### DATASET EXTRACT ###

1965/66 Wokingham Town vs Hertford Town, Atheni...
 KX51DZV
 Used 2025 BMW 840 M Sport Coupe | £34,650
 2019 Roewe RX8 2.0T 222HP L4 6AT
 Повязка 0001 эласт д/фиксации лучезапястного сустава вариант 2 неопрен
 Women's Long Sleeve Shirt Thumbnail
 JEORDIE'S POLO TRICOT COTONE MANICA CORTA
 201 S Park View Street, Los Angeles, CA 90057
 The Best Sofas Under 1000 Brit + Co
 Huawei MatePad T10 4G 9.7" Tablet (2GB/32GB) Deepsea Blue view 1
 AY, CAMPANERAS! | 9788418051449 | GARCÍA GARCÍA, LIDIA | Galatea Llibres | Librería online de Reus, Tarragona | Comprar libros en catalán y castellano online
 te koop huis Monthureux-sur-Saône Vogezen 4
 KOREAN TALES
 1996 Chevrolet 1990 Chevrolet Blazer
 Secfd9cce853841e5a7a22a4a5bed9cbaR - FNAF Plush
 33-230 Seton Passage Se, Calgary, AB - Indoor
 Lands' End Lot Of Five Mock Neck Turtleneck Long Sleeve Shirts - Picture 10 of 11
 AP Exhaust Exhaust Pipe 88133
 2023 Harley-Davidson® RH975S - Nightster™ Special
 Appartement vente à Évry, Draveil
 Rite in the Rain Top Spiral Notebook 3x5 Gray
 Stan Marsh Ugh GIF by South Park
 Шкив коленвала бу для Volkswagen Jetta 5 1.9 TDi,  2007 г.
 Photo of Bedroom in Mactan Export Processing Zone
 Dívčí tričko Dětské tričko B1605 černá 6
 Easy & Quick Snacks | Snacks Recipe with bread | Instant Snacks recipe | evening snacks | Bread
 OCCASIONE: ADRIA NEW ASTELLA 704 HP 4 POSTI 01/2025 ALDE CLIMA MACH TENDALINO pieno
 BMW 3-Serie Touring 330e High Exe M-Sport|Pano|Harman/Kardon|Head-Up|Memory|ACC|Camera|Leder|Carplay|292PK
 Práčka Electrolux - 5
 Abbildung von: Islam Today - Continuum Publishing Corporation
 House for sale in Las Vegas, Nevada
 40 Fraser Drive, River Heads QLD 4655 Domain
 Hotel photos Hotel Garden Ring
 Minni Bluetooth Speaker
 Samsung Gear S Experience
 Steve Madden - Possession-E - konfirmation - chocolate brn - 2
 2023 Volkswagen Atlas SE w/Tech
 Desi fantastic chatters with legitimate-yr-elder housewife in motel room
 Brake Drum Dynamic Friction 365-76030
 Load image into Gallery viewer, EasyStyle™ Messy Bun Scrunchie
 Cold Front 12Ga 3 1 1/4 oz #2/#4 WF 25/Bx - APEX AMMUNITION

###

Check every line above for the string "with", and copy the ones that have it.

= EXERCISE RESPONSE =
 Easy & Quick Snacks | Snacks Recipe with bread | Instant Snacks recipe | evening snacks | Bread
 Desi fantastic chatters with legitimate-yr-elder housewife in motel room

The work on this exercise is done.